I had hoped to satisfy them to the uttermost with the aid of Mary Kirkwood. That hope had fallen dead. I must search on—not for the best conceivable, but for the best possible.

You are not surprised at my lack of sentiment, gentle reader. By this time, I am sure, I could not surprise you with any exhibition of that or other depravity. But it confirms your conviction of my utter sordidness. So? Then you imagine, do you, that there are many love marriages in the world, leaving out of the count those in novels and in the twaddling gossip men and women repeat as the true heart stories of this and that person? Yes, I should say your intelligence was about rudimentary enough to give you such a false notion of life as it is lived. Marriages of passion there are a-plenty. Rarely, indeed, does a man become bill-payer to a woman for life—not to speak of the insurance—without having been more or less agitated by her physical charms; and usually the woman, eager to be married, whips up for him a return feeling that looks well, convinces the man and herself, and makes you, gentle reader, sigh and wipe your sloppy eyes. But love-marriage—that’s a wholly different matter. I should say it almost never occurs. Where love, a sentiment of slow and reluctant growth, does happen occasionally to come afterwards, because the two are really congenial, really mated—where love does come afterwards, it did not exist when the wedding bells rang. And I doubt not that love has grown as often, if not oftener, where the motives that led to the marriage were practical and even sordid than where they were the bright, swift fading, and in death most foul-smelling, flowers of passion.

I was willing to buy a wife, if I could find a woman who promised to wear well, to improve on acquaintance, or, at least, not to deteriorate. And, beyond question, with my money I could have taken my pick. Almost any girl anywhere, engaged or unengaged, would have fallen in love with me as soon as she discovered my charms—of person and of purse. Yes, would have fallen in love, gentle reader. Don’t you know that a nice, pure girl always makes herself, or lets herself, fall in love, before she gives herself? And don’t you know that, except falling out of love—out of that kind of love—there’s nothing easier, especially for an inexperienced girl, than falling in love—in that kind of love?

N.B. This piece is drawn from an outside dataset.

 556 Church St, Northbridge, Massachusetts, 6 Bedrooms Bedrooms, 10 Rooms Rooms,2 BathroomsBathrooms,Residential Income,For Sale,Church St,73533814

But where was I to find a woman with enough solid quality to give me a reasonable hope that she would aid me in my quest for family happiness?

Do not denounce me, gentle reader. Epithet and hiss are not reply. Answer my question.

You say there are millions of such girls. Yes? But where?

You say there are millions of pure, sweet, charming girls, intelligent and domestic. Yes. No doubt. But how long would they remain so if tempted by wealth, by the example of all the money-mad, luxury-mad, society-mad women about them?

Mind you, I did not want a stupid rotter, a cow, a sitter and lounger and taker on of fat and slougher off of intelligence. I did not want the lazy slattern who poses as domestic, who is fond of home in exactly the same way that a pig is fond of an alley wallow.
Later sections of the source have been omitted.